Il y eut un silence. Tremaine s’était arrêté de trancher. Sur le manche en corne du couteau, Mathilde et Guillaume virent blanchir les jointures de ses doigts. Les yeux de la jeune femme allèrent chercher ceux de l’Acadien pour le supplier de ne pas aller plus loin. Le père eut un demi-sourire gêné et baissa un nez contrit sur son écuelle, mais tous comprirent qu’au fond l’explosion d’Adam répondait à ses propres sentiments lorsqu’il murmura :

— Richard est un garçon honnête, dis-tu ? Je le croyais jusqu’à ce soir. À présent, j’ose à peine me le demander…

II

UNE LANTERNE DANS LA NUIT…

Le lendemain, le temps changea. Le vent aigre de septembre balaya le pays. Des risées venues du nord coururent à la surface du fleuve. Les eaux se creusèrent et prirent une teinte plombée. Cependant, chacun s’en réjouit : si l’hiver s’approchait déjà, les Anglais allaient devoir repartir au plus vite et Québec pourrait respirer.

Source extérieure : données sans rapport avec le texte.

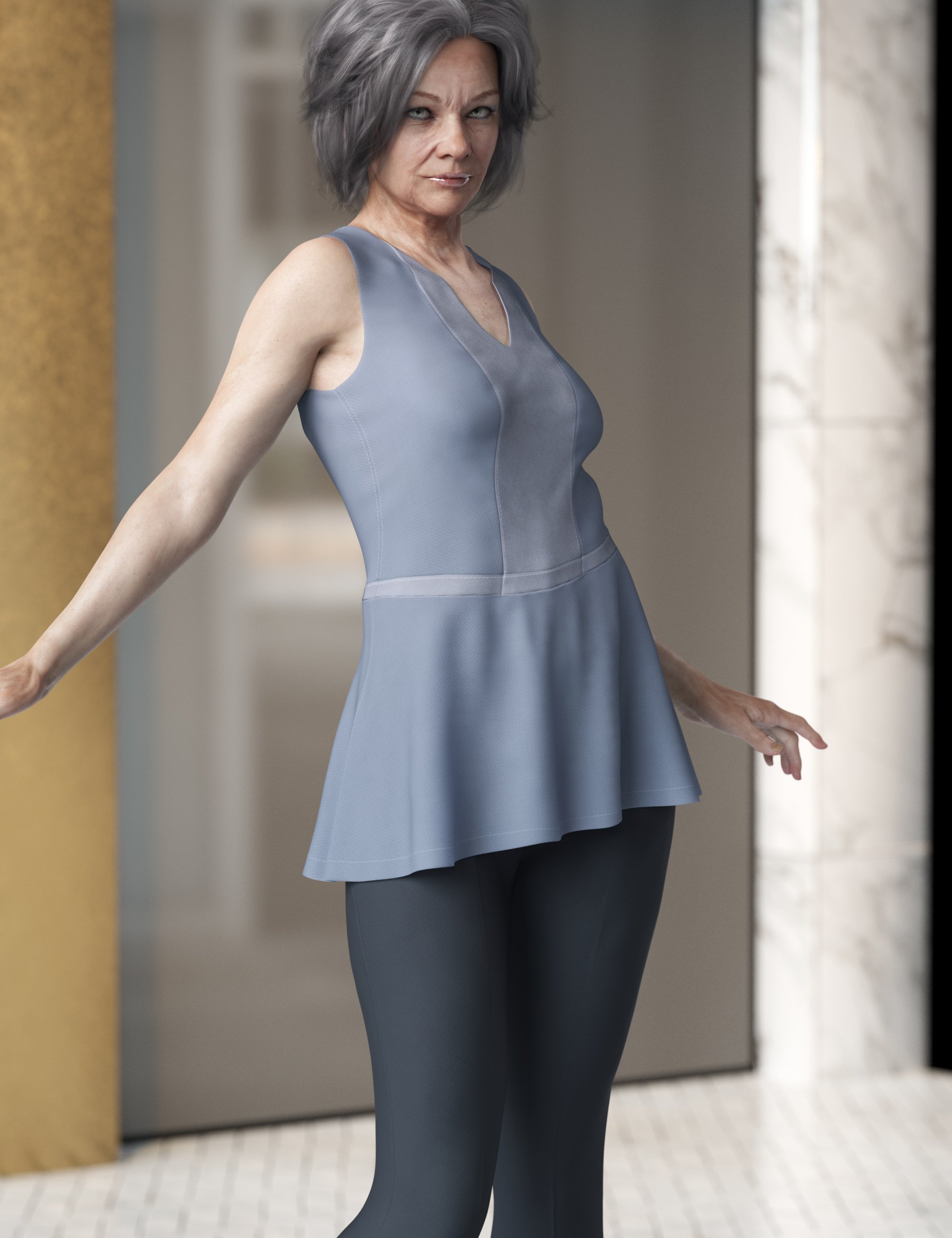 dForce Flared Layer Outfit for Genesis 8 Female(s) by: outoftouch, 3D Models by Daz 3D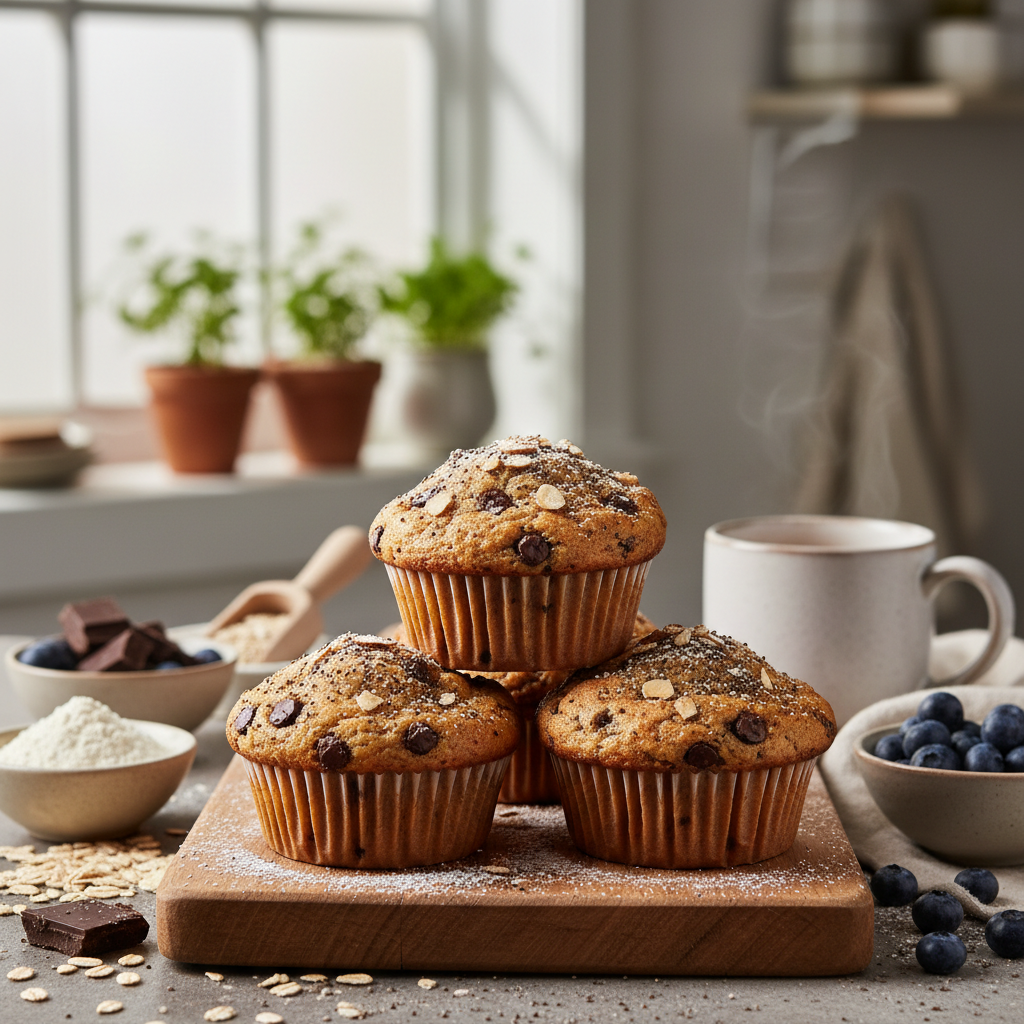Ilustração editorial: Healthy Protein Muffins: 12-Minute Chocolate Chip Air Fryer Hack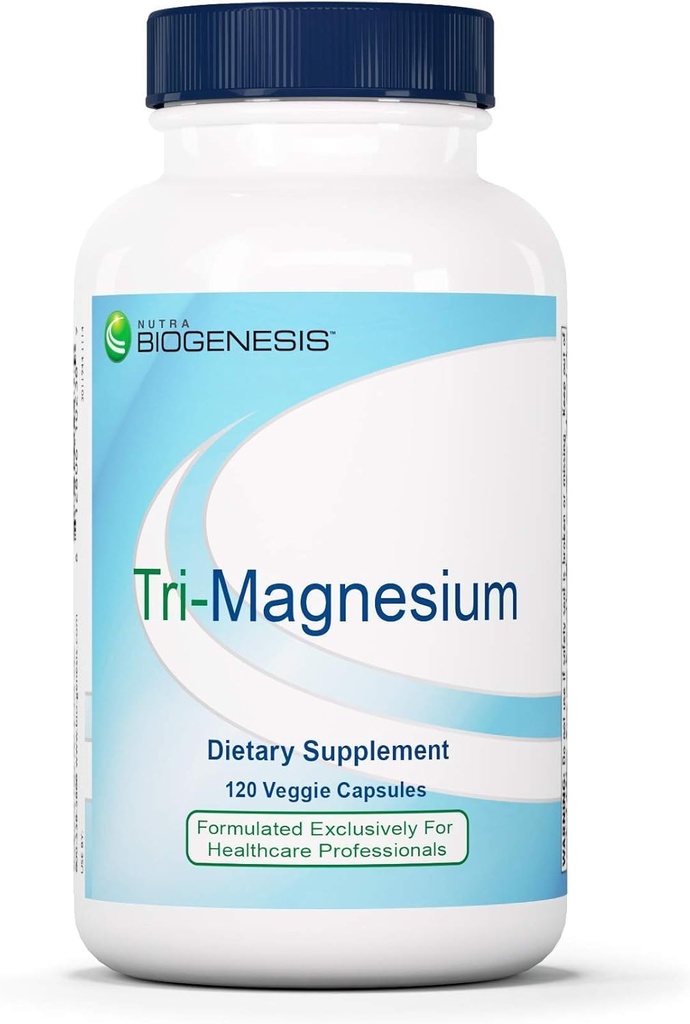 Nutra Biogenesis Tri-Magnesium - Triple Magnezyum Kompleksi, Citrate, Malate & Bone for Bone, Muscle & Teeth Support, 3 in 1 Formula for Women & Men - 120 Capsules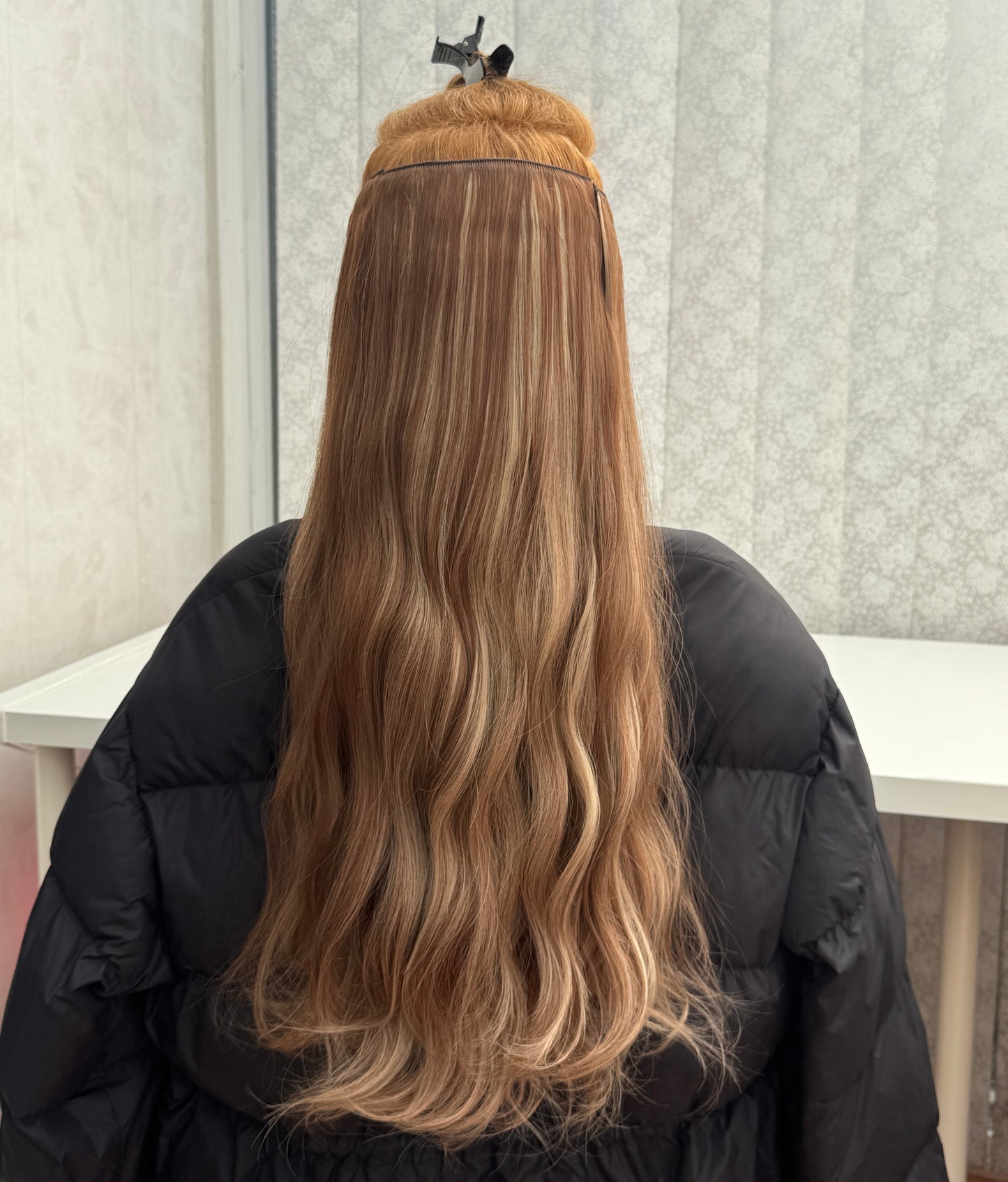 24’ Wavy 220g Bio-Protein Fibre Clip-in Hair Extensions - Warm Highlighted Brown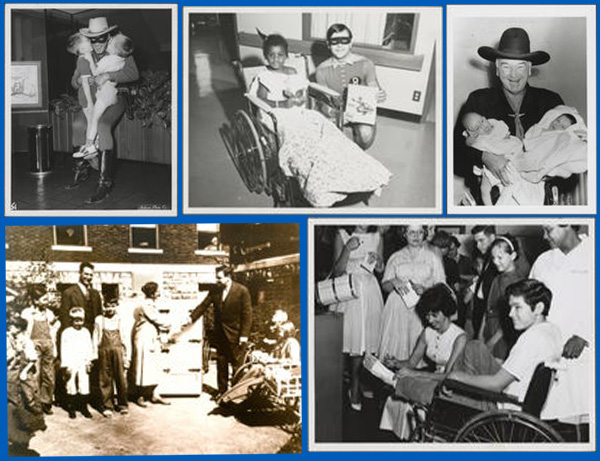 Photo collage of celebrities visiting patients at Children's Mercy: (Clockwise from top left) The Lone Ranger, Robin (of Batman and Robin), Hopalong Cassidy, Carol Burnett, Babe Ruth and Lou Gehrig .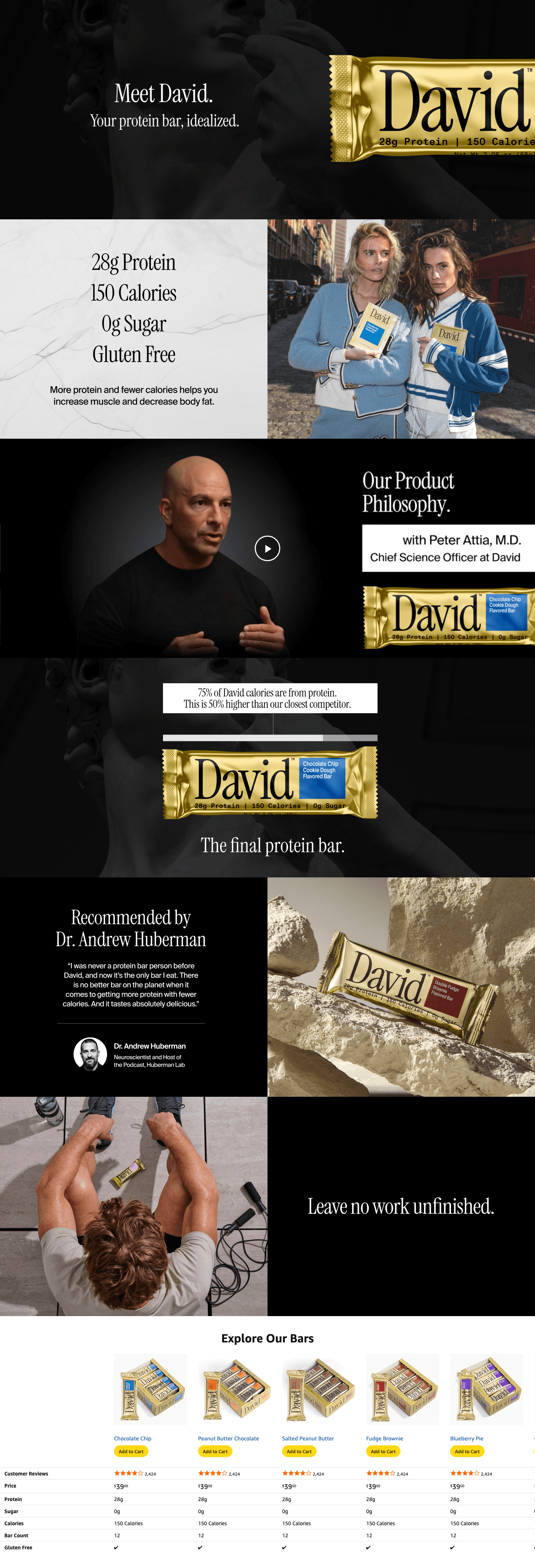 Amazon.com: David High Protein Bars No Sugar: A+ Premium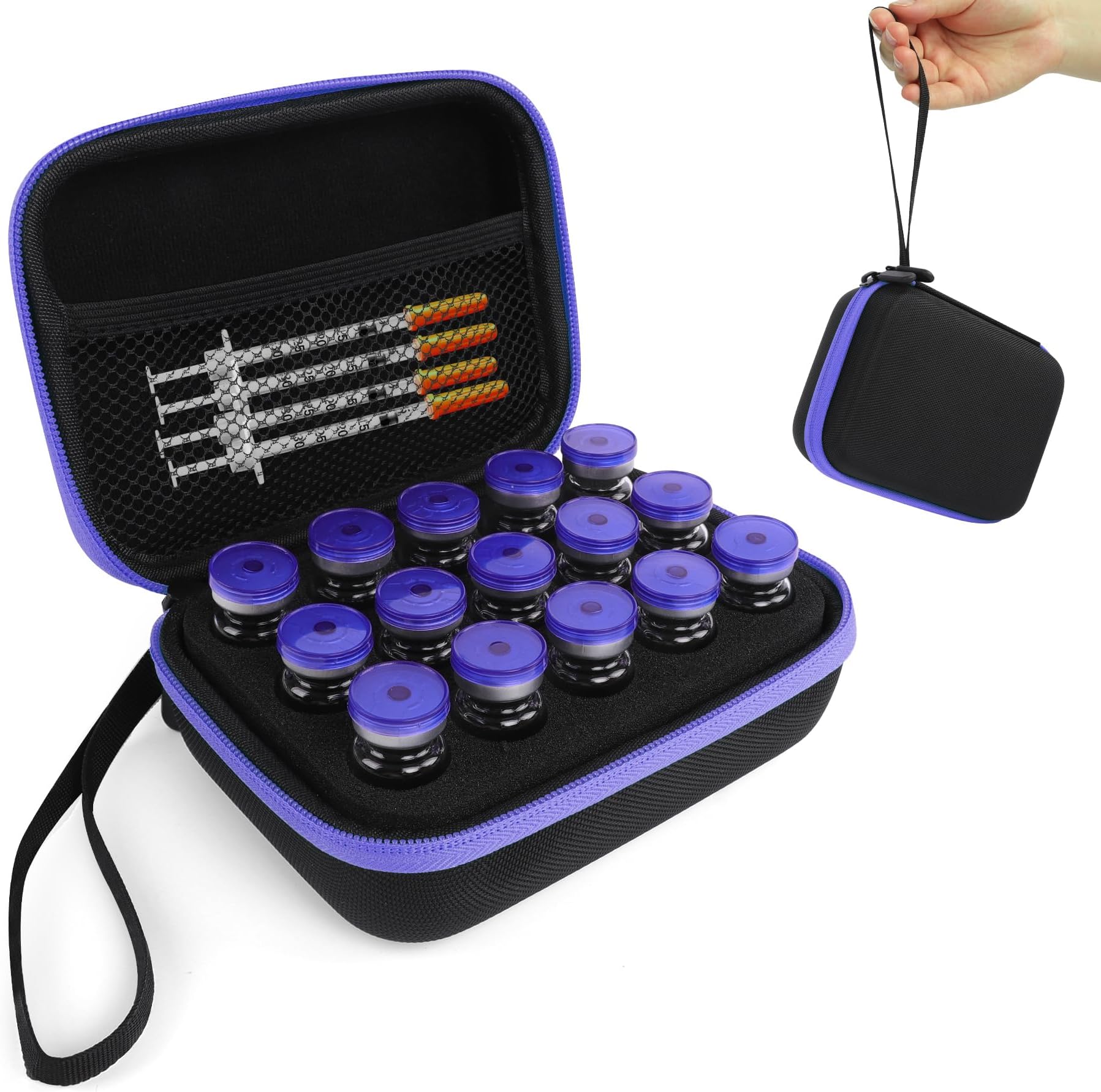 Insulin Fridge Holder Storage Case Insulin Peptide Vial Protector Holder Insulin Cooler Travel Case Organizer Fits Standard 10ml U-100 Vials 15 Slots Vial Protector Case with Zipper (Purple)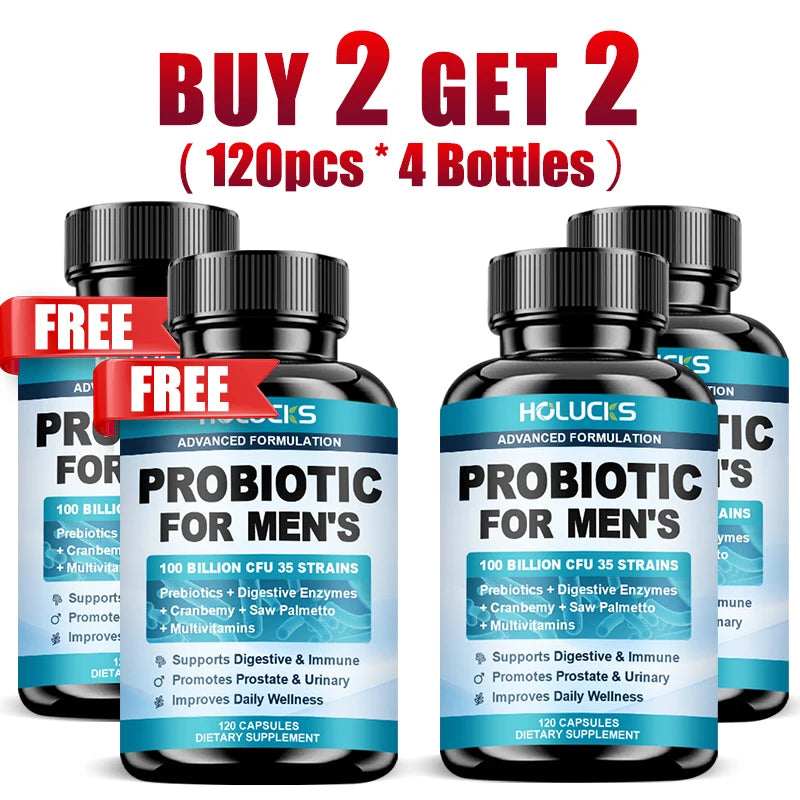 HOLUCKS Men's Probiotic Supplement with Prebiotics & Enzymes, Support Gut Health, Immune System & Daily Overall Wellness for Men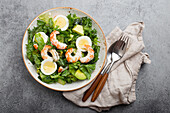 Protein rich keto salad with shrimp, avocado, and egg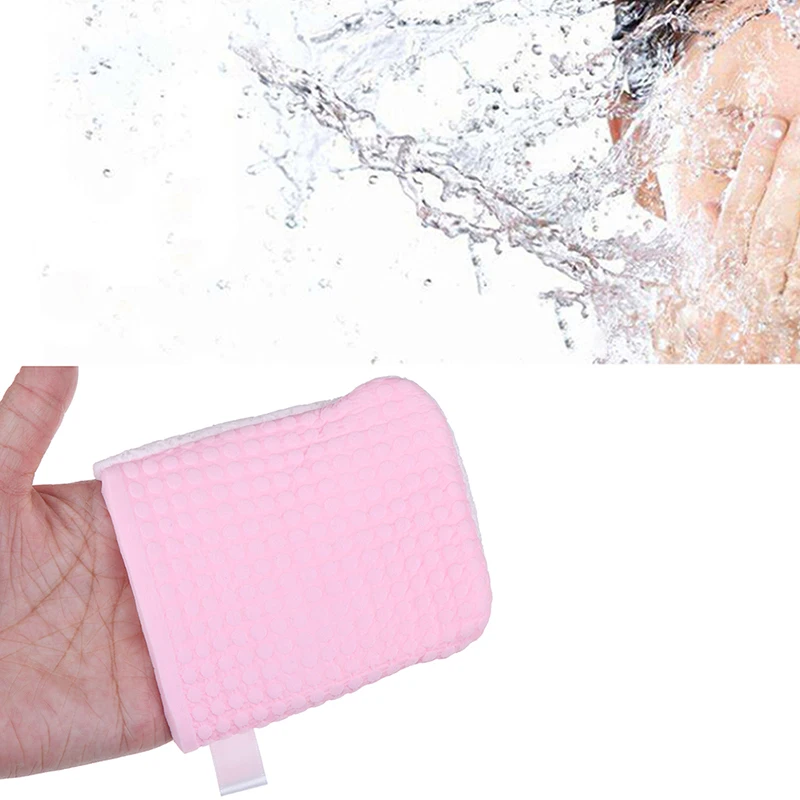 1Pc Reusable Face Wash Makeup Remover Antibacterial Gloves Pearl Wood Pulp Beauty Cleansing Natural Sponge Face Cleaner Tool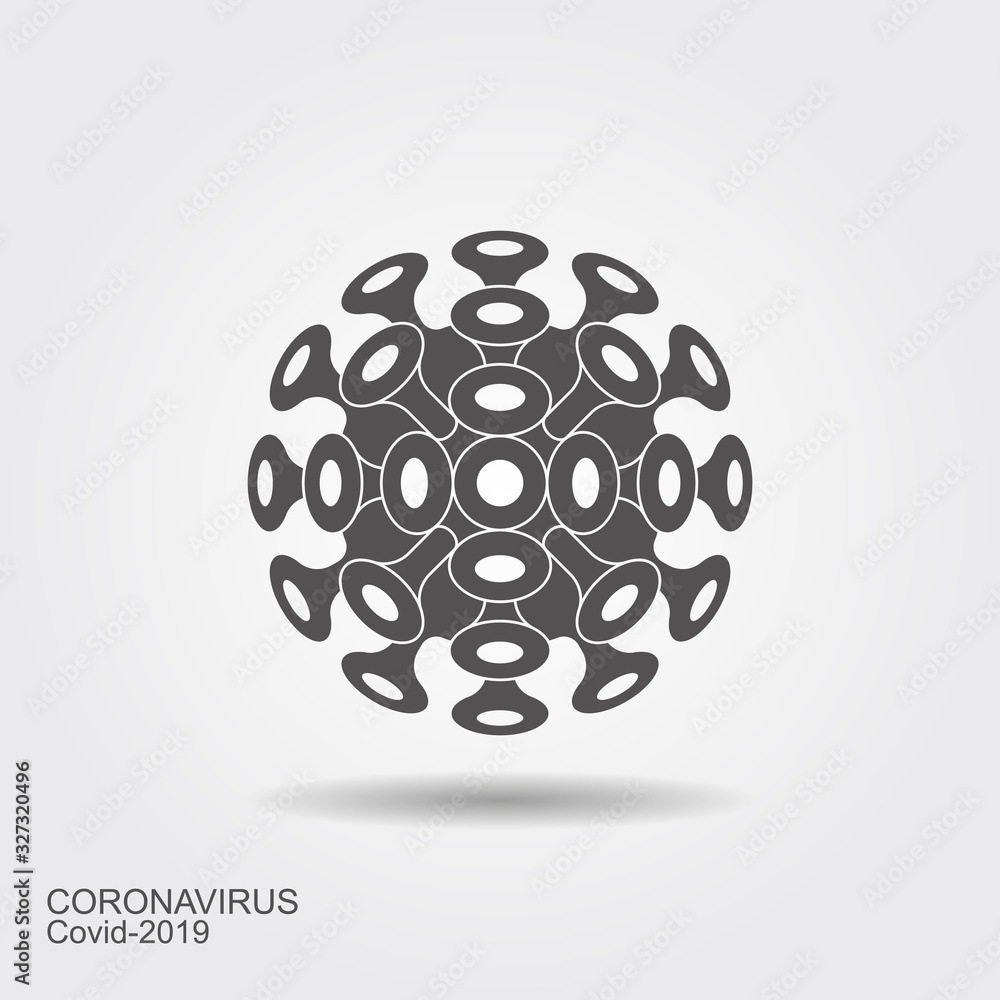 Coronavirus flat icon. Vector stylized icon with shadow Coronavirus flat icon. Vector stylized icon with shadow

Comme s’il n’avait attendu que ce signal, le paysage se transforma. En cette seule nuit, les feuilles des arbres commençaient à rejeter leur verdure pour tirer vers un jaune pâle qui épouserait rapidement tous les tons de l’or et de l’ocre ou encore ce corail, ce vermillon et ce pourpre profond dont s’habillaient les érables avant de se dénuder en laissant tomber à leurs pieds, pour y mourir, cette dernière et fabuleuse parure…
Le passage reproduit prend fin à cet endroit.